Monday, November 25, 2013


I am trying very hard to bring my Casa del Fascio to an uploadable status. Part of the struggle relates to the dimensions.  Have I got them right ?  Does it matter ?  With such a rigorously geometrical design it somehow seems to.

Let's start from first principles.  Take an idealised single office.  A 4m cube will do nicely.  Lay this out in a perfect square, basically a chess-board.

Stack this up 4 stories high and we have a perfect half-cube.  Obviously the rooms in the middle are starved of light and air, so we hollow out or mass.  The result is clearly related to the Italian Palazzo form.

But a renaissance palace would never have a grid line in the centre.  There would always be an uneven number of bays.  So let's adjust the module horizontally to 4.6m square so we can fit a 7x7 array on our site.  Then we can do a bit more squeezing to create a narrower bay as a circulation spine, with slightly larger offices along that side.

Next we set back the rest of the facade to make room for open balconies.  This will open up the building, create a layered transparency and also express the structural frame.
We can further enhance this effect by cutting out notches at the top and bottom, marking the position of the central void, and defining the entrance zone.  Let's also locate the vertical circulation at either end of the main spine.

Add a small balcony recess at top left and transform the central void into an enclosed, top-lit atrium, two stories high, with open galleries on 3 sides.  Again this is the palace courtyard, reinterpreted in terms of a modern, hygeinic office block.

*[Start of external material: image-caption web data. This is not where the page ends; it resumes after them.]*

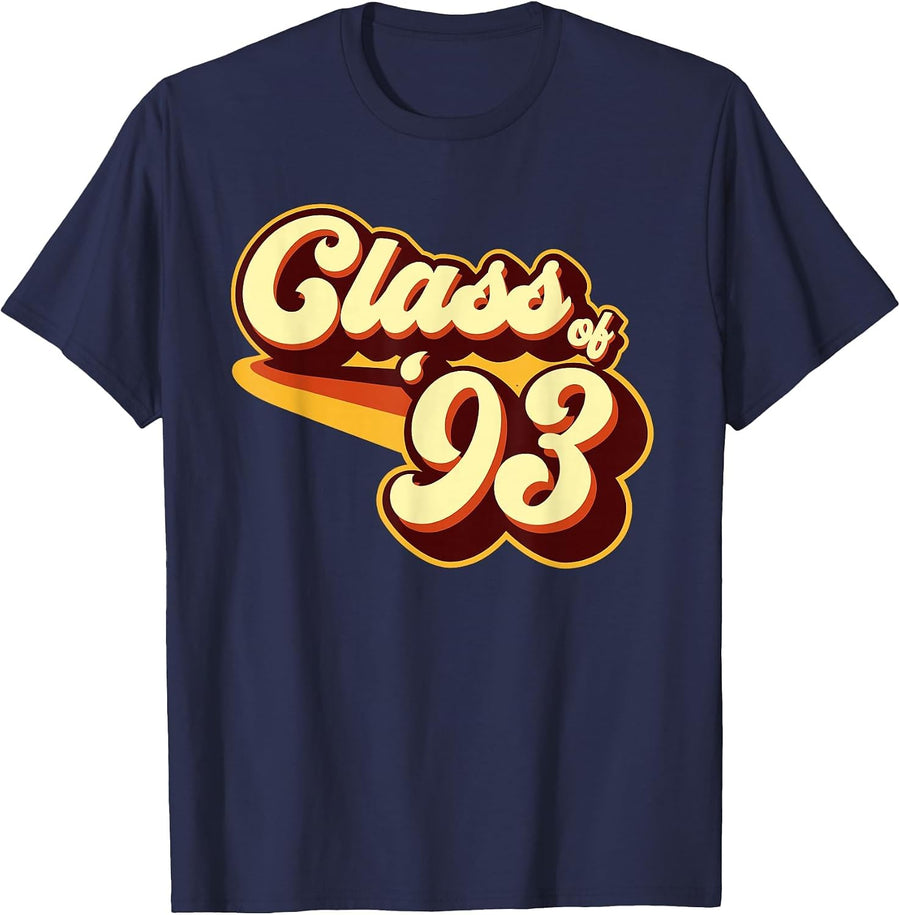 Class of 93 Reunion Retro 1993 T-Shirt - Navy Blue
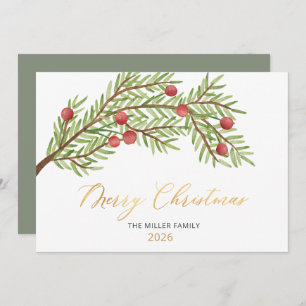 Elegant Script Greenery Red Berries Christmas  Holiday Card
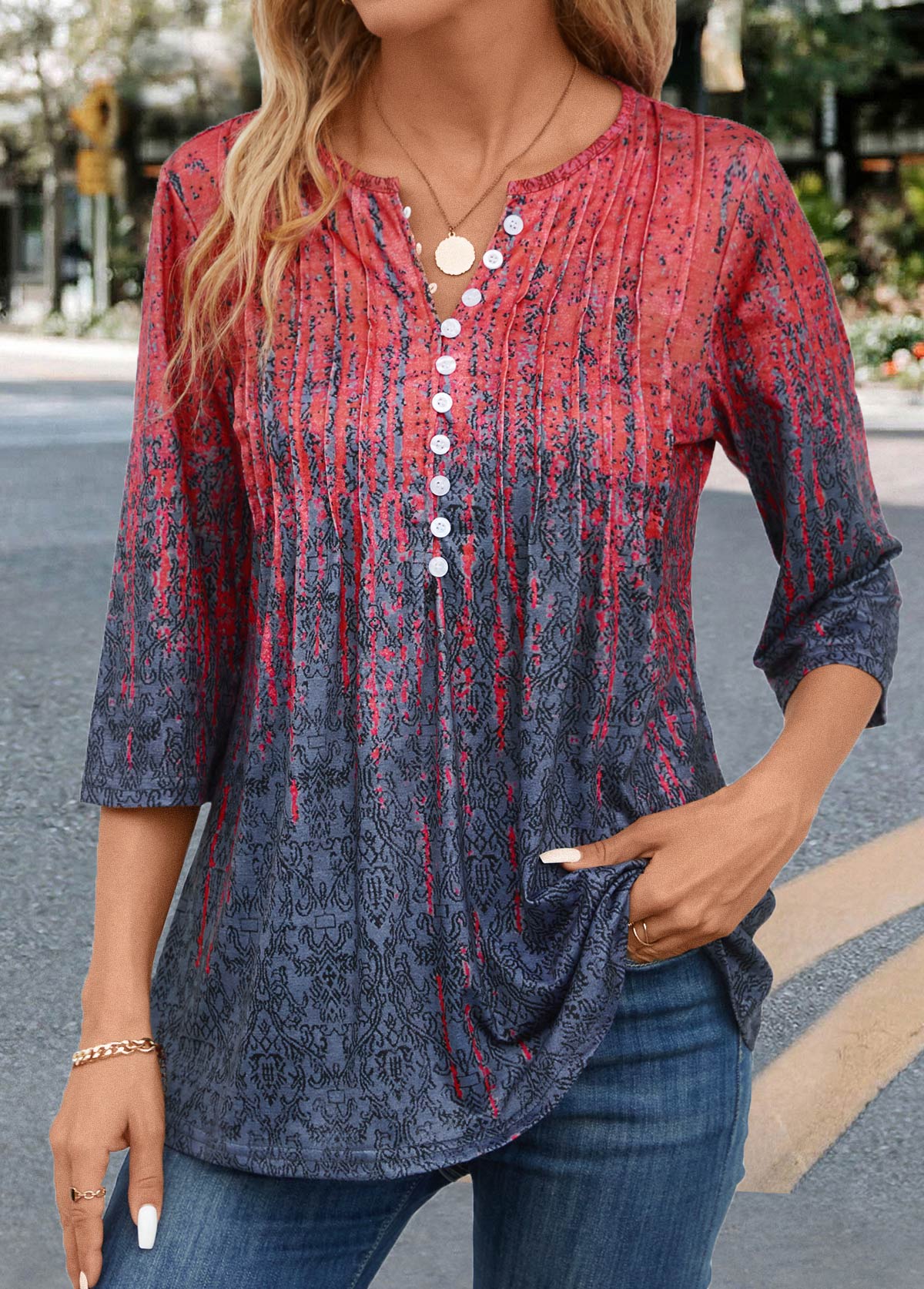 Modlily Coral Tuck Stitch Random Floral Print T Shirt - XL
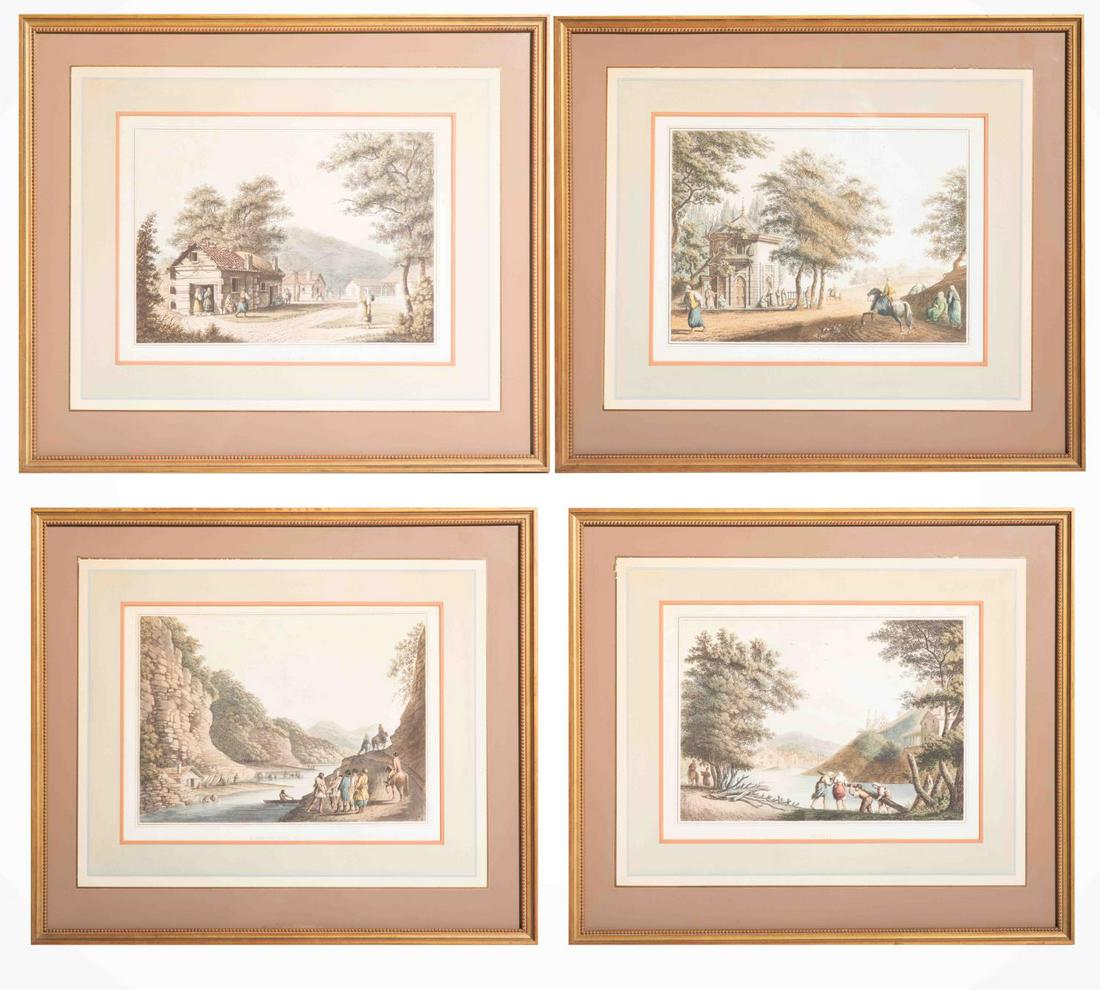 Four Framed & Matted Colored Engravings (1 of 6)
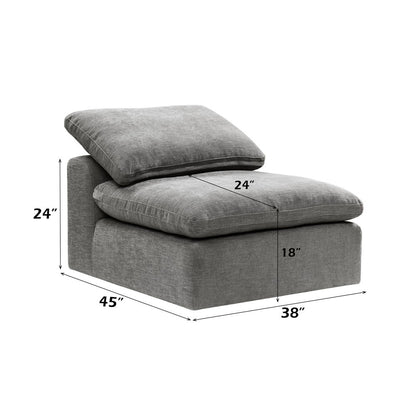 Naveen - Armless Chair, alternate view 6 with linen fabric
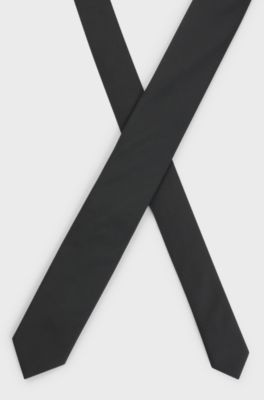Silk-blend tie with jacquard weave, Black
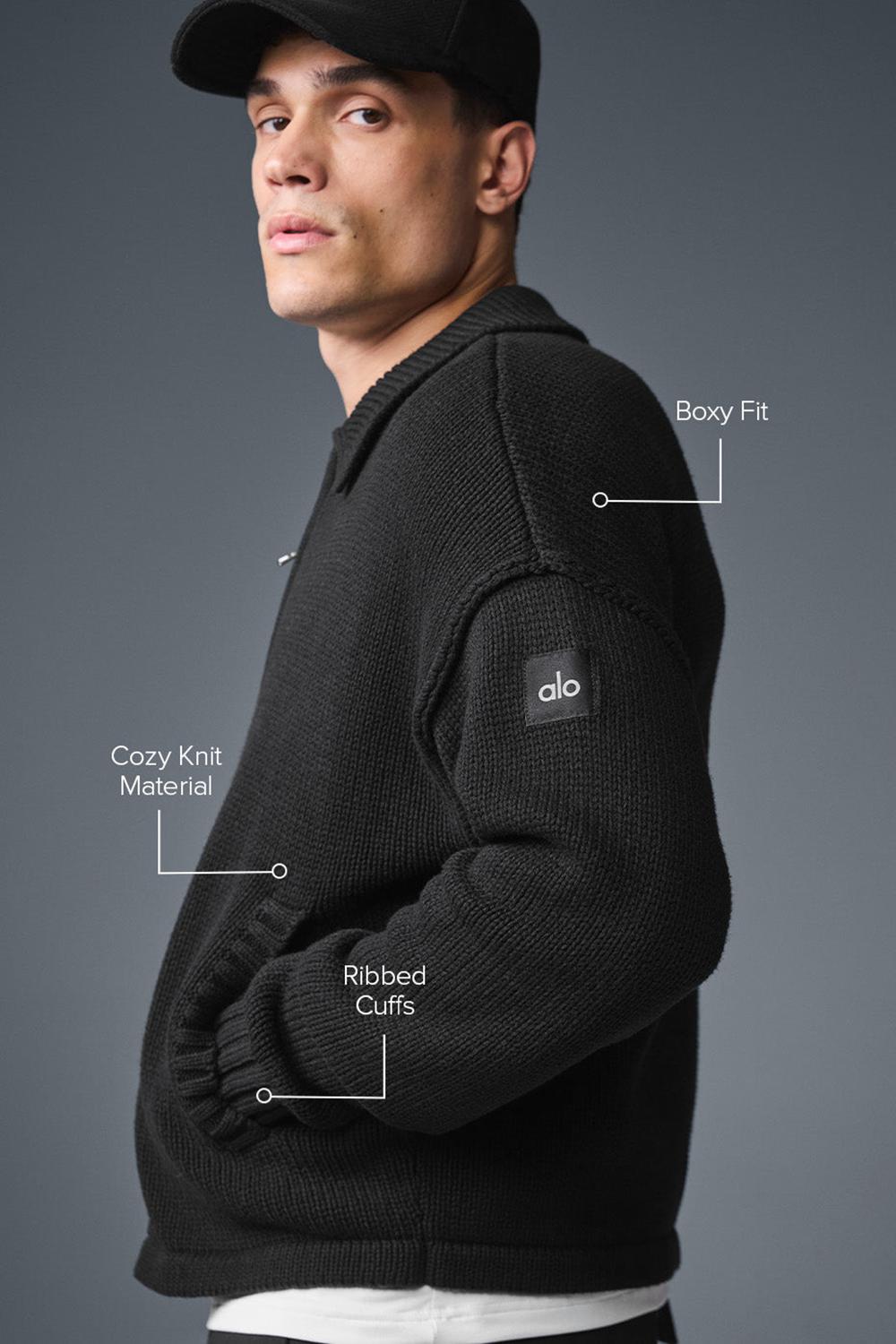 Men Alo Yoga Heritage Full Zip Sweater Black | India  70942-YWTK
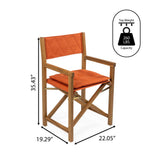 Waldo Classic Mid-Century Outdoor Acacia Wood Foldable Diamond-Quilted Back Director Chair with Cushion - JONATHAN Y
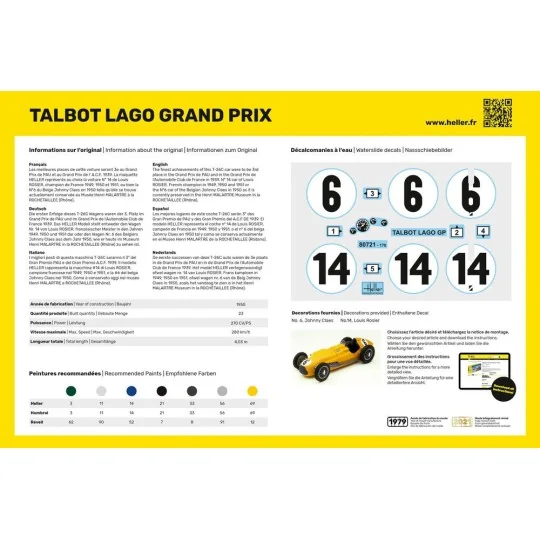 HEL-80721-Talbot Lago Grand Prix 1/24 Heller - HEL-80721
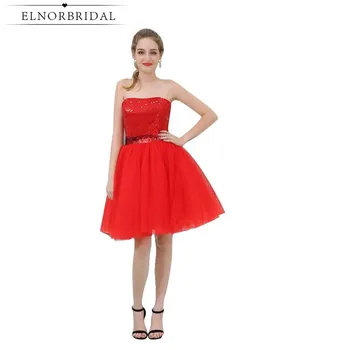 

Simple Sequins Red Cocktail Dress 2020 Vestido Cocktail Girls Homecoming Dresses A Line Strapless Short Prom Gowns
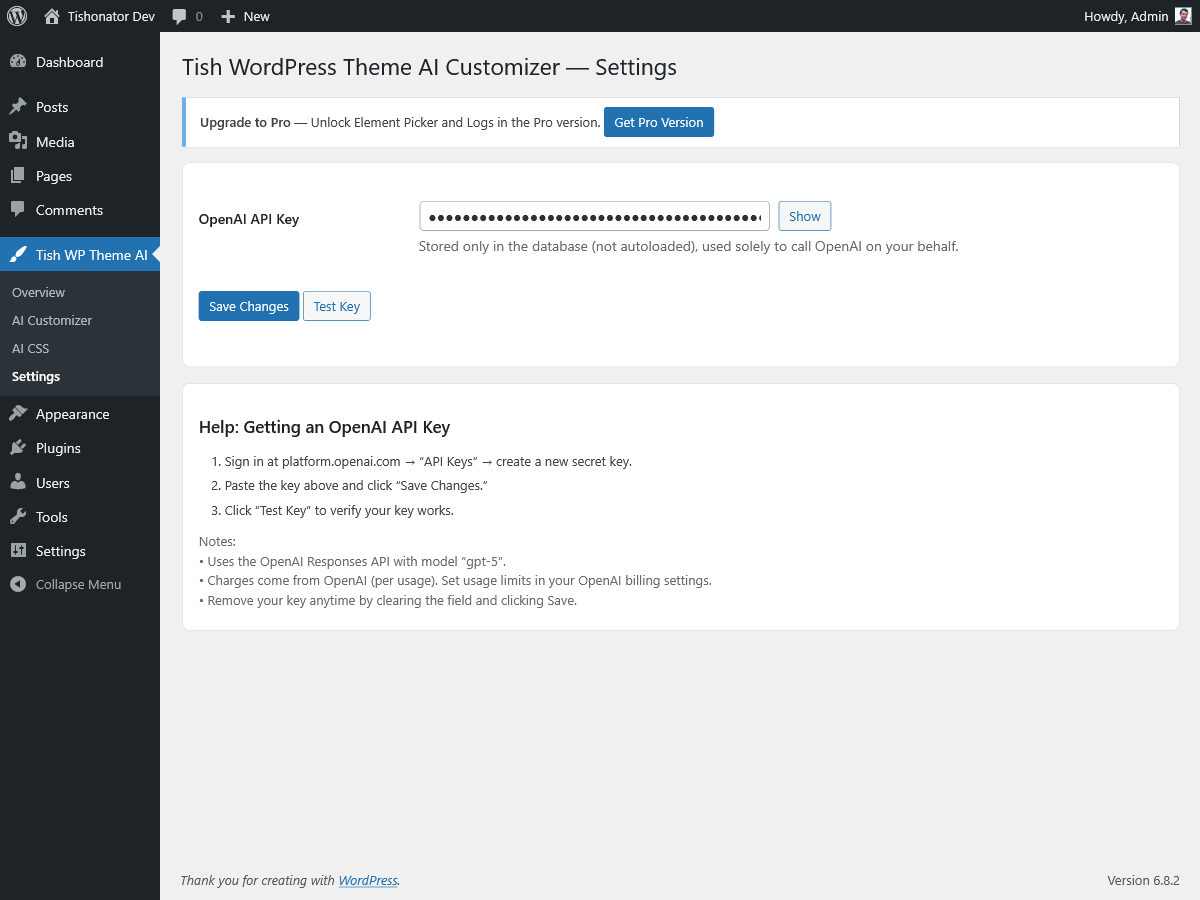 Tish WordPress Theme AI Customizer - Screenshot 4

To close the open ends of the galleries we place large meeting rooms in the middle of the left hand wing.  Then locate the washrooms, one stack next to the main stair and a smaller stack at the back close to the meeting rooms.

That's the basic scheme.  It started with a 4m cube, perfectly regular, and adapted itself to the various requirements of the brief in an apparently logical manner.  In some ways it is a very cold and formal composition, but from the inside it is also very open.  You can always relate yourself to the central space, which was also intended to house gatherings of the party faithful.  We know with hindsight that the party would turn into a monster, but can we blame Terragni for daring to dream otherwise ?

The dreams of my youth did not turn out so disastrously, but perhaps they were equally unrealistic.  Maybe I was lucky to grow up in an age of "peace & love" rather than the era of "nationalist zeal"

But back to the building.  Before I understood the internal organisation, I was dazzled by the apparent complexity of the 4 elevations; impressed by the assymetry generated within such a regular platonic solid.  But once you follow the logic of the chess-board moves, the elevations can be seen as expressions of ...

For my presentation in Auckland I developed a dimensional scheme based on multiples of 200mm, taking that to be the size of a glass block, using a column size of 400x400, a floor to floor height of 4200.  It seemed to be simple and logical, but the finer details refused to drop neatly into place.

So last weekend I hunted through my reference material, hoping for more clues.  There is an original floor plan by Terragni himself, but the dimensions are difficult to read.  The width of the facade appears to be 33250, edge to edge.  But was this the final version ?  Was it built to these dimensions ?

An Architect's Journal article from 2007 contains a claim that I have come across before, that the building his a perfect half-cube 33200 x 16600.  But several sources also claim that the width is slightly greater than the depth.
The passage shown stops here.